**Your objective:**
Your task is to copy the data exactly while leaving out every picture.

▼

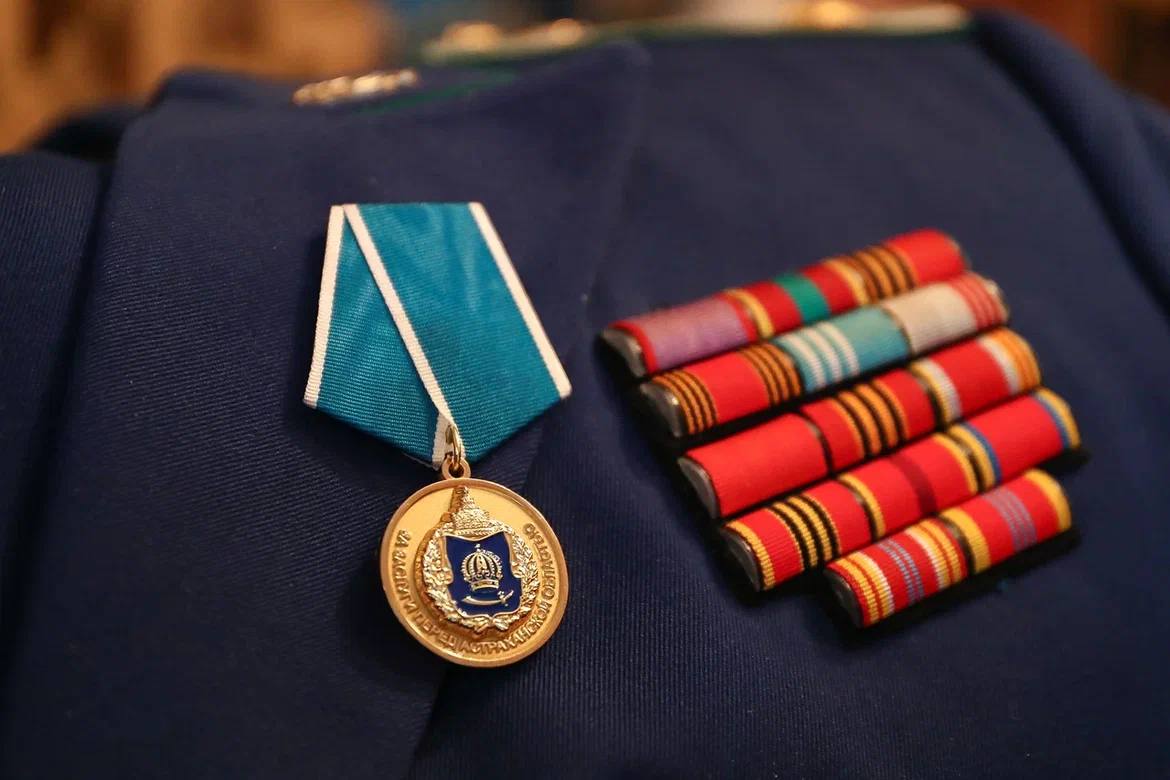 Ветеран органов прокуратуры РФ получил медаль от Игоря Бабушкина
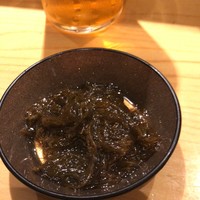 SUSHI TOKYO TEN、 新宿ニュウマン店 - もずく（かなり美味しい）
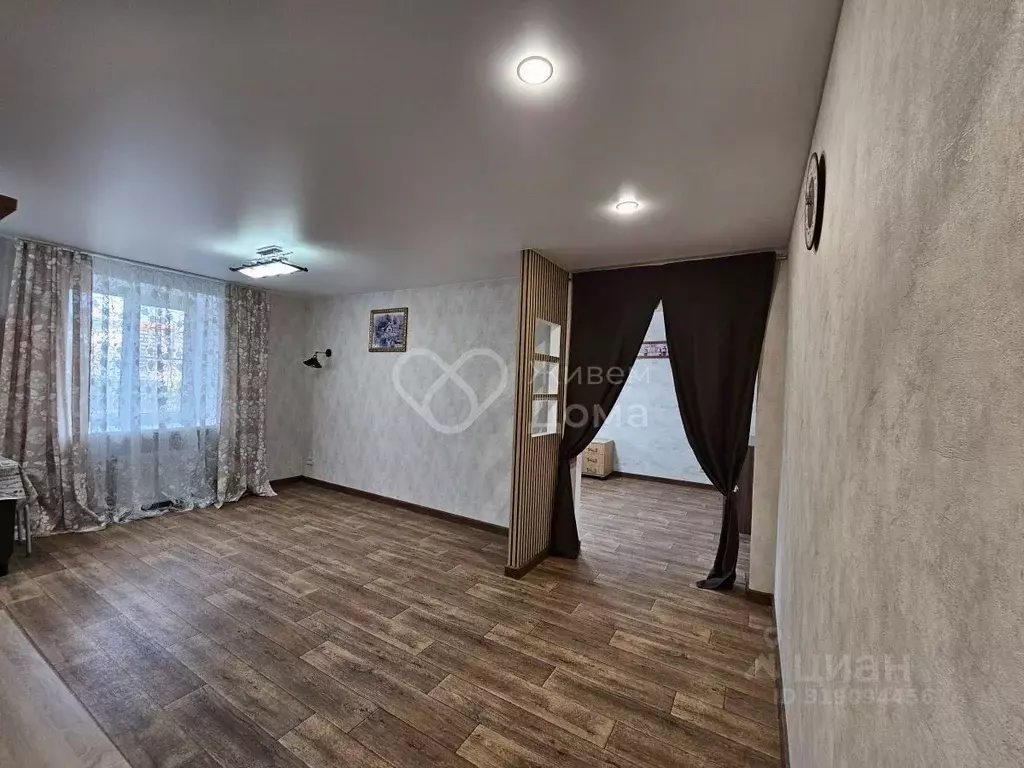 2-к кв. Волгоградская область, Волгоград ул. Ткачева, 11 (46.1 м) - Фото 0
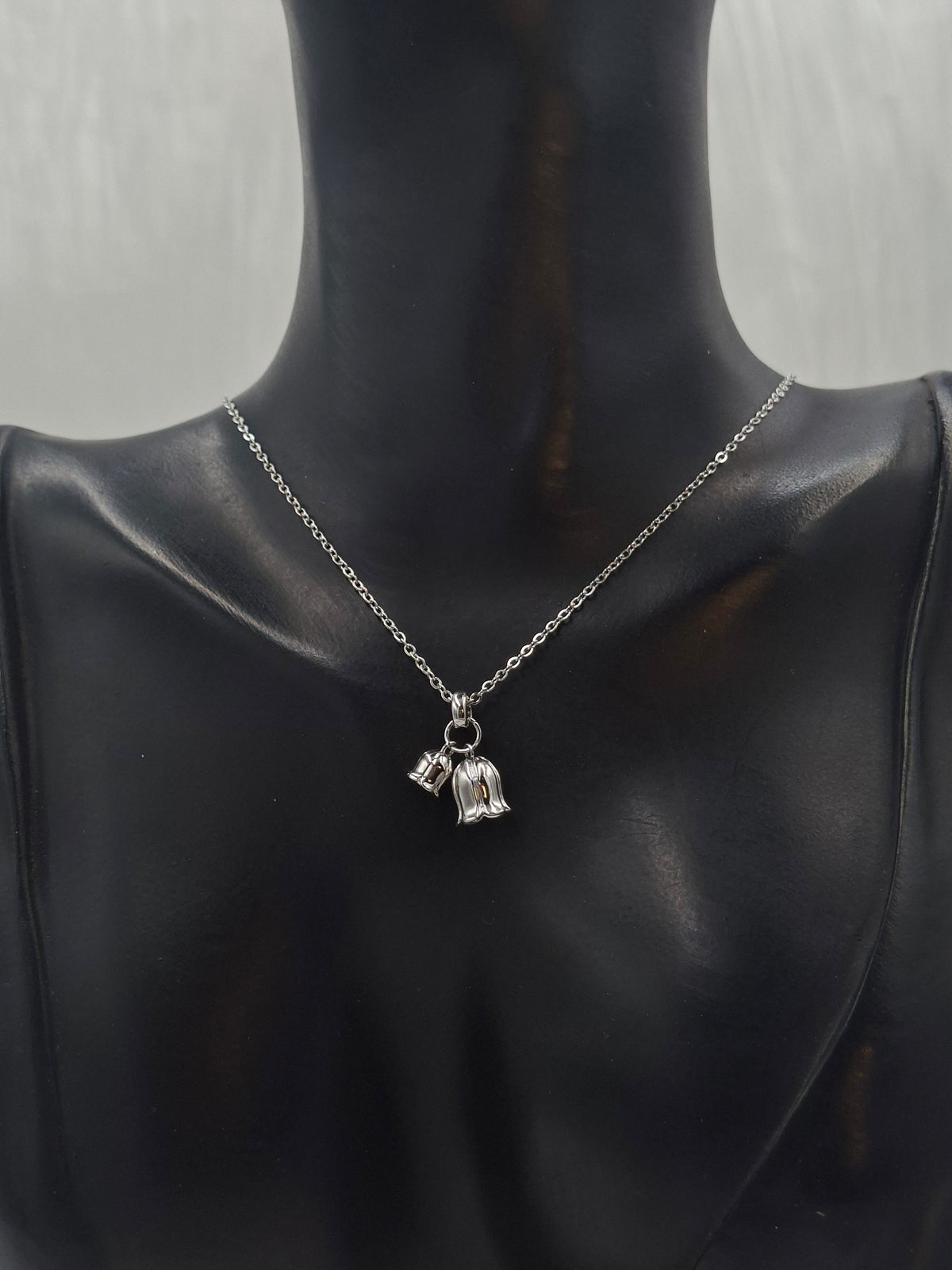Tulip Necklace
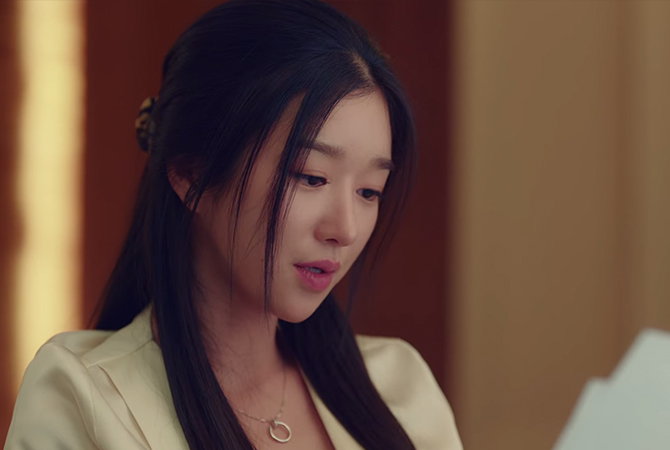 A guide to Seo Ye-Ji’s enviable watches and jewellery collection in ‘It’s Okay To Not Be Okay’ (фото 39)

▲

**Answer section:**
 Ветеран органов прокуратуры РФ получил медаль от Игоря Бабушкина
 SUSHI TOKYO TEN、 新宿ニュウマン店 - もずく（かなり美味しい）
 2-к кв. Волгоградская область, Волгоград ул. Ткачева, 11 (46.1 м) - Фото 0
Tulip Necklace
 A guide to Seo Ye-Ji’s enviable watches and jewellery collection in ‘It’s Okay To Not Be Okay’ (фото 39)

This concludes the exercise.